Truck Size & Weight Review - This annual review of WSDOT and Washington State Patrol’s (WSP) operation is conducted to ensure the State enforces vehicle size and weight laws. This is done to prevent premature deterioration of the highway pavement and structures and provide a safe driving environment. FY 2006 was the first year that both WSP (for the Enforcement Plan), and WSDOT (for the Enforcement Certification) used FHWA’s automated Vehicle Size and Weight (VSW) Enforcement system. This system automates the enforcement plan submittal and certification process. We found WSP and WSDOT are making good use of the resources in their conduct of the size and weight enforcement program in the State of Washington.
State Transportation Improvement Program (STIP) Review - This joint review by FHWA and FTA is conducted annually to ensure the projects in the STIP are fiscally constrained and based on a transportation planning process that substantially meets the requirements of 23 CFR Sections 134 and 135 and 49 U.S.C. Sections 5303-5305. The FY 2006-2008 STIP met the fiscal constraint requirement and was subsequently approved.
The following two national reviews were also conducted with involvement and assistance of your staff:
Value Engineering (VE) Program Review - Earlier this year, the US Department of Transportation’s Office of the Inspector General (OIG) included WSDOT in a review of 10 states’ VE program. Based on their review of the 10 states OIG determined that WSDOT’s VE program was top ranked in three of the four value engineering indicator categories and fifth in the fourth category. The top four in each category were determined to meet statutory requirements or exceeded national averages.

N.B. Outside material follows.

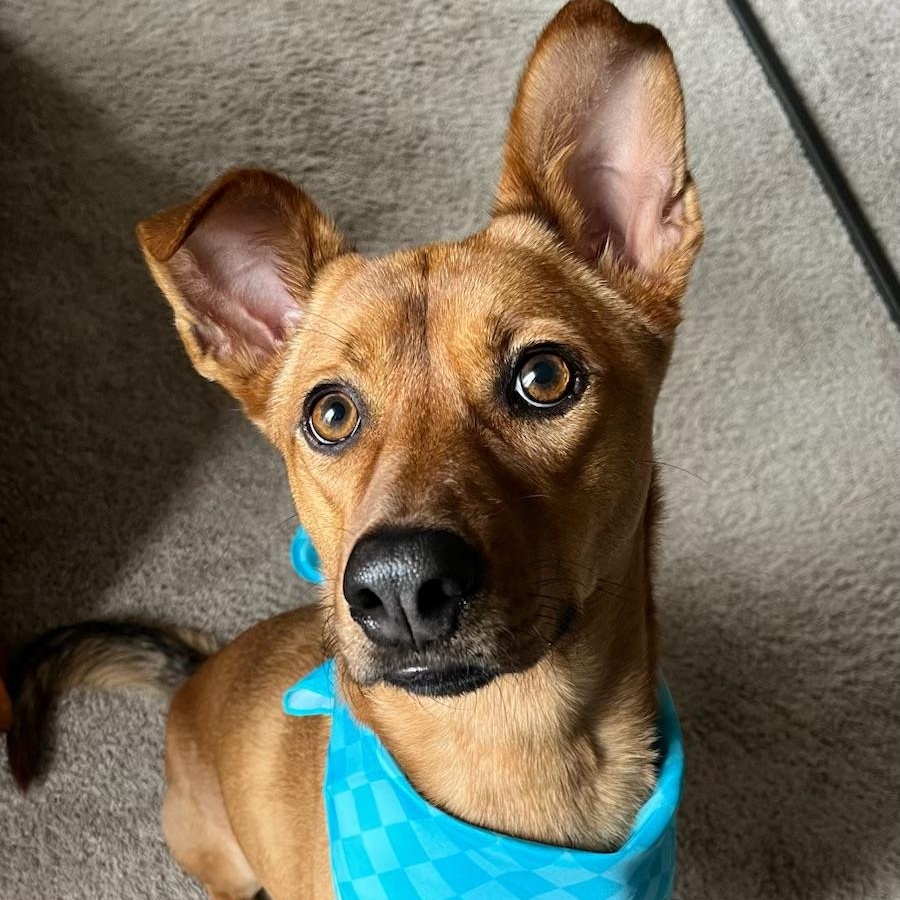 Maple, a Adoptable mixed breed in Charlotte, NC image 4/5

Local Project Administration (LPA) Scan - A FHWA national team selected Washington as one of the states for a scan to assess the stewardship and oversight of local agency projects and gather good practices. The scan team selected Washington State as its first visit because of its well-known and comprehensive local project administration program. The scan team met with the Division, H&LP, and several local agencies. The scan team was impressed with the implementation of the program and found numerous examples of good practices with the Local Programs Manual being a best practice. This information is being shared with all FHWA Division Offices and other states and local agencies.
In addition to the above mentioned specific program oversight and review activities my staff has specific project involvement responsibilities, as well. Each and every one of the 279 federal-aid highway projects authorized for construction in FY 2006 required FHWA involvement through our approval of the environmental document. Per WSDOT and FHWA’s Stewardship Agreement we also had project specific design, right-of-way, and construction involvement on many Interstate and major/unique projects under development and construction in Washington State. Therefore, I make the following finding:
We wish to thank you and your staff for their professionalism, integrity, and innovation in carrying out the delivery the federal-aid funds during federal FY2006. Members of my staff will be contacting your staff to set up reviews and financial audits for the current federal fiscal year (2007).